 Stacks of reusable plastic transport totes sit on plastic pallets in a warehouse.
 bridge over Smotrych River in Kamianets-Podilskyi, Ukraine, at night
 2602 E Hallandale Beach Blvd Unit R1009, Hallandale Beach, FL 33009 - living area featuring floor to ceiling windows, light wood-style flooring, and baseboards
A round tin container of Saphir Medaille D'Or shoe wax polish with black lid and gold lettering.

--

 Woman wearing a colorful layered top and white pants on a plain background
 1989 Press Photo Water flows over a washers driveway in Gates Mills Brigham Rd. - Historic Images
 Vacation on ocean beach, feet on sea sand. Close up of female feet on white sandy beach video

...

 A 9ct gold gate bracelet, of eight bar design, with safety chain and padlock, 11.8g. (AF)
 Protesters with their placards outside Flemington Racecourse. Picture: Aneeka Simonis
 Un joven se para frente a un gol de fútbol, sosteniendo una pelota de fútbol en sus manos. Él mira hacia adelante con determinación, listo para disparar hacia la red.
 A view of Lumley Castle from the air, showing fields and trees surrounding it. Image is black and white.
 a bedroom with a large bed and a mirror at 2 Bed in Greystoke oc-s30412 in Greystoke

Exercise objective: Above are some lines. Repeat exactly, and only, those from the line that has "Stacks of reusable" through the line that has "A round tin".

Your solution:
 Stacks of reusable plastic transport totes sit on plastic pallets in a warehouse.
 bridge over Smotrych River in Kamianets-Podilskyi, Ukraine, at night
 2602 E Hallandale Beach Blvd Unit R1009, Hallandale Beach, FL 33009 - living area featuring floor to ceiling windows, light wood-style flooring, and baseboards
A round tin container of Saphir Medaille D'Or shoe wax polish with black lid and gold lettering.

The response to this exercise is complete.